Sight is a key factor in enabling robots to assist humans in their everyday lives. Equipped with various sensor systems, they not only detect objects, but also precisely measure their alignment and position. The technology is by now so advanced that robots are even able to view an object down to its molecular level – and so see much more than their human model, the eye.
In order to assist people as flexibly and autonomously as possible, a robot must be able to recognise objects and detect their exact position. Only in that way can it conceivably execute commands such as “bring the glass”, or “hold the component”. To achieve those goals, robot manufacturers are employing the full range of sensors that are familiar from the industrial image processing field – from ultrasonic sensors to laser scanners.
The main systems in use, however, are various types of cameras. Even “simple” 2D solutions enable contours to be traced and objects identified. They come up against their limits, however, when items are stacked in an undefined way. And with just “one eye” it is impossible to gather height data – yet that is important for a robot in order to pick up an object and to judge the position of its own gripper relative to the object.
Seeing in three dimensions
That is why – as robots become increasingly flexible and mobile – systems providing a three-dimensional view are gaining in significance. One method frequently employed nowadays to provide robots with such 3D vision is based on nature: Like a human being, the machine has two eyes in the form of two offset cameras. Both cameras capture the same image, but owing to the offset their perspectives are different. An electronic evaluation unit in the stereo camera calculates the distance to the viewed object by way of this parallax shift. At present, camera systems use either CCD or CMOS sensors to capture the light signals. The trend is shifting clearly towards CMOS sensor technology, however. It is virtually glare-free, features high temperature resistance and low power consumption, while offering comparable image quality, and is also cheaper to produce.

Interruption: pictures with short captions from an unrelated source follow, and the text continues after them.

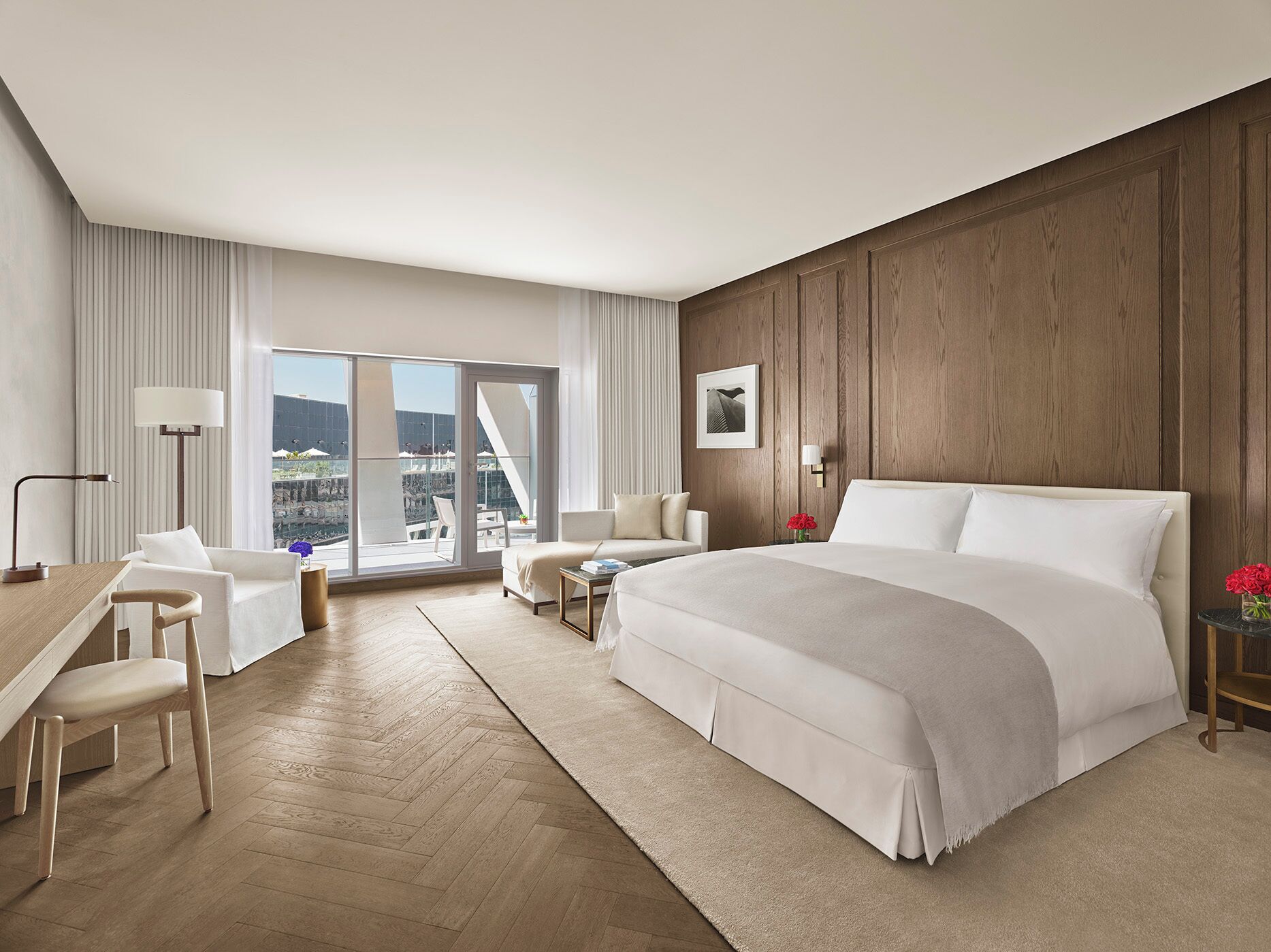 Habitación de hotel con una cama grande, un escritorio, una silla, un sofá y vistas a la ciudad.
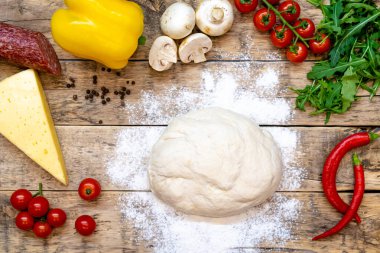 Pizza yapmak için malzemeler, pişirmeden önce, ahşap bir masa üzerinde, üst görünüm, adım adım tarif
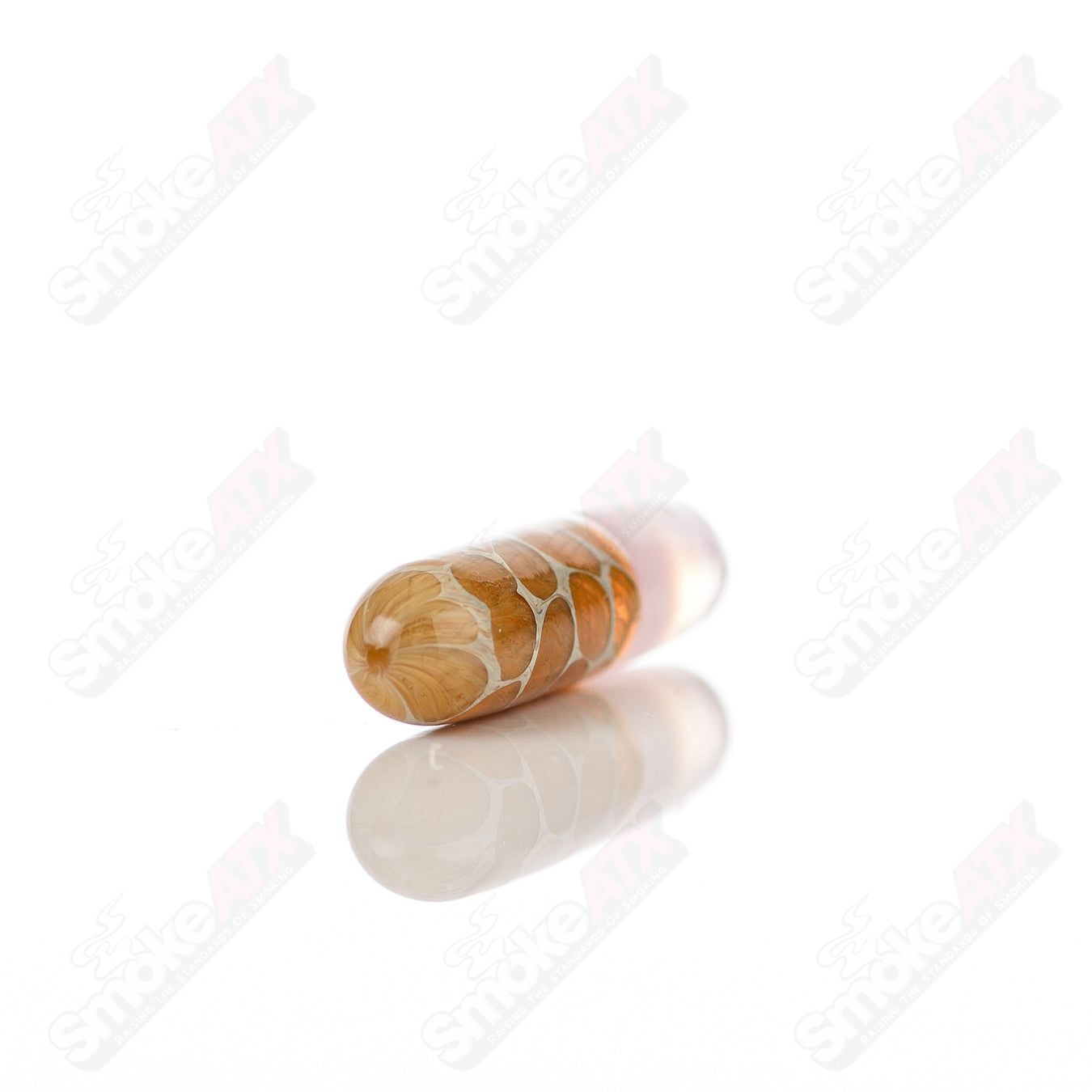 Robertson Glass 710 Products #6 Terp Pill made of glass, featuring a compact, cylindrical design with colorful accents.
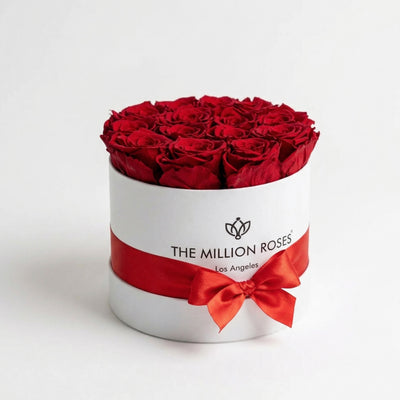 Classic White Box containing 14-15 naturally preserved red roses arranged in a white box by The Million Roses.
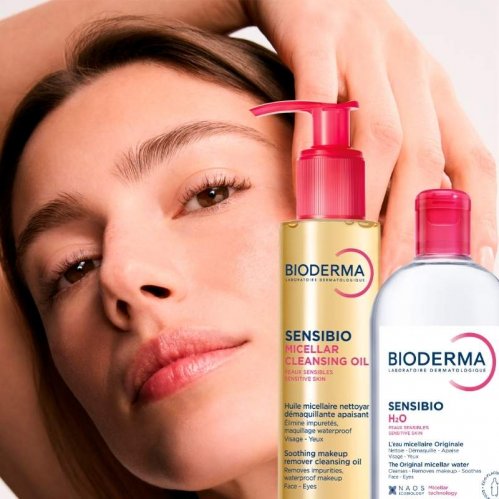 Image of model with radiant skin beside a bottle of Sensibio H2O Micellar Water and Sensibio Micellar Cleansing Oil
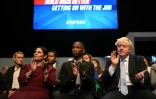 Boris Johnson au côté de la ministre de l'Intérieur Priti Pate lors de la conférence annuelle des conservateurs à Manchester le 4 octobre 2021 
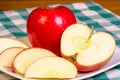 Red apple sliced on plate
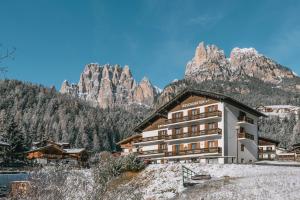 a hotel in the mountains with mountains in the background at Hotel Garnì Rosengarten in Pera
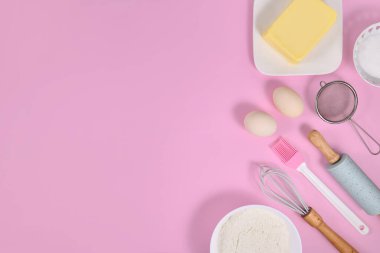 Pembe zemin üzerinde kek hamuru malzemeleri ve pişirme araçları kopyalama alanı ile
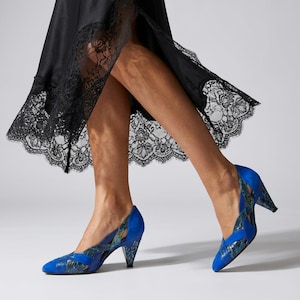 May include: A black skirt with a scalloped lace hem and a pair of vibrant blue high-heeled shoes. The shoes feature a pointed toe, a mid-height heel, and a crisscross strap design with a textured, multi-colored snakeskin-like pattern on the sides.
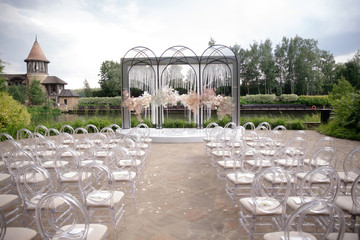 Beautiful blooming pink roses and baby's breath decorate the arch for the wedding ceremony. Luxury...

Measuring and imaging in one
Three-dimensional imaging by stereo camera is complex and costly, however. So ToF (Time-of-Flight) technology is increasingly being used to provide robots with 3D vision. For this, a sensor chip both captures the image of an object and at the same time measures how far away it is. The core feature of ToF technology is that it measures the time the light takes to travel from the source to the object and back to the camera. The sensors used thus deliver two data types per pixel: an intensity value (grey scale) and a distance value (depth of field). This results in a pixel cloud comprising several thousand pixels, depending on the chip, from which the associated software can very precisely compute the nature and distance of an object. The cameras have their own active exposure unit which emits laser or infrared light. This means ToF systems are independent of the ambient light. As opposed to 3D stereo imaging, the distance is not calculated. Instead, an exact measurement is performed pixel by pixel. This means that ToF cameras work at very high speed. The resolution of the resultant image is lower than from stereo cameras, however. Consequently, ToF systems are frequently coupled with stereo systems in order to utilise the benefits of both, and produce an optimally dense and exact depth map. State-of-the-art camera systems also enable motion vectors to be captured. To do this, the position of a structure in two consecutively captured images is compared by software in order to obtain movement data.
Faster with micro-mirrors
Another method utilises the attributes of MEMS technology: DLP (Digital Light Processing) systems consist of a chip with several million microscopically small mirrors. Each micro-mirror is less than one fifth the width of a human hair. Each mirror can be activated individually, switching several thousand times per second. This means a precisely structured light pattern can be reflected onto an object from a light source. By projecting a series of such light patterns onto an object, and recording the distortion of the light by the object using sensors or cameras, a very detailed 3D pixel cloud can be created. Thanks to their high switching speed, the large number of grey scales and the ability to capture light in the visible range as well as in the UV and infrared range, 3D solutions for optical measurement using DLP technology are faster and more precise than the conventional solutions.
Viewing chemical properties
3D systems featuring hyperspectral image processing are also relatively new innovations. They use more than 100 different wavelengths to analyse an object. Broken down into their spectra, they are reflected differently by each material with its specific chemical and molecular properties. So every object has a specific spectral signature; a unique fingerprint based on which it can be identified. This enables really profound insights down to the molecular level of an object. In achieving this, robots have surpassed their role model – because for humans X-ray vision is still science-fiction.